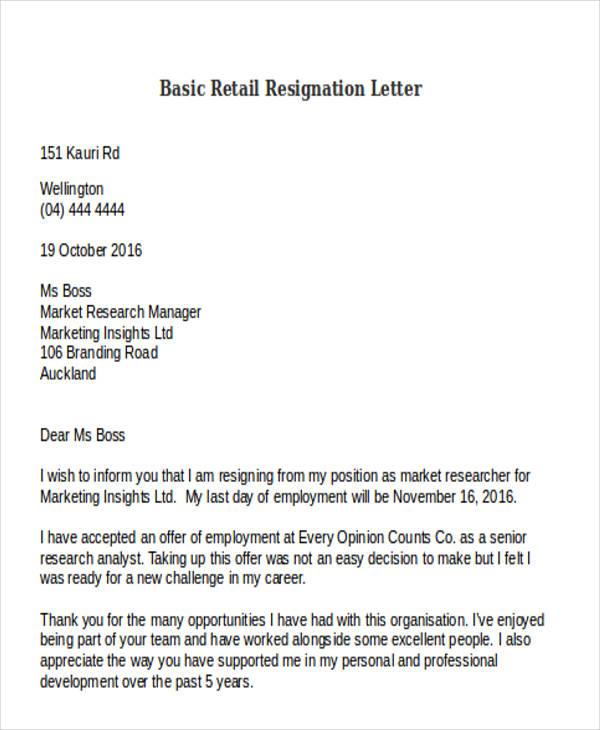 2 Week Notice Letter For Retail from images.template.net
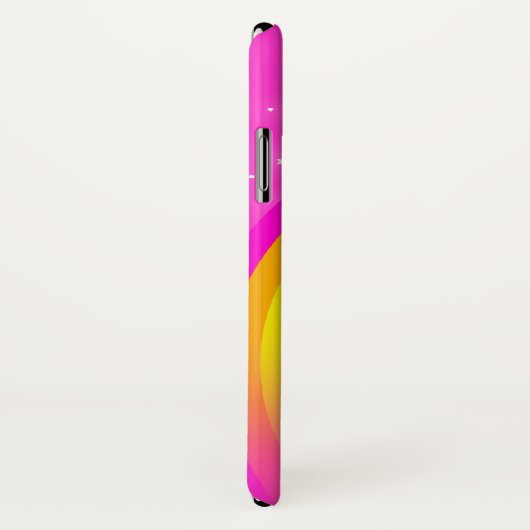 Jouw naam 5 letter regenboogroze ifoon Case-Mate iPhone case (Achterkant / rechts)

...

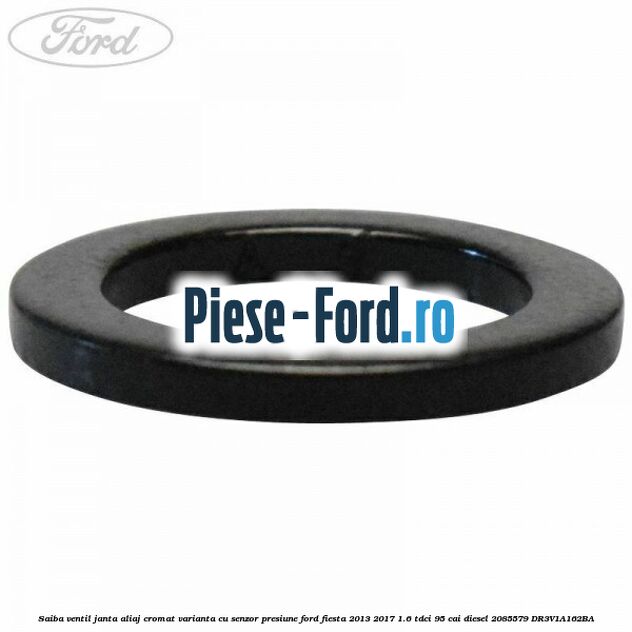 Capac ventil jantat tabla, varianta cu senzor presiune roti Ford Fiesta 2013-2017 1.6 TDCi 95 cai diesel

◆ **The problem**
Reproduce the listing above only between the lines holding "2 Week Notice" and "Jouw naam 5", inclusive. Every line must match exactly, and pictures are dropped.

◆ **Expected answer**
 2 Week Notice Letter For Retail from images.template.net
 Jouw naam 5 letter regenboogroze ifoon Case-Mate iPhone case (Achterkant / rechts)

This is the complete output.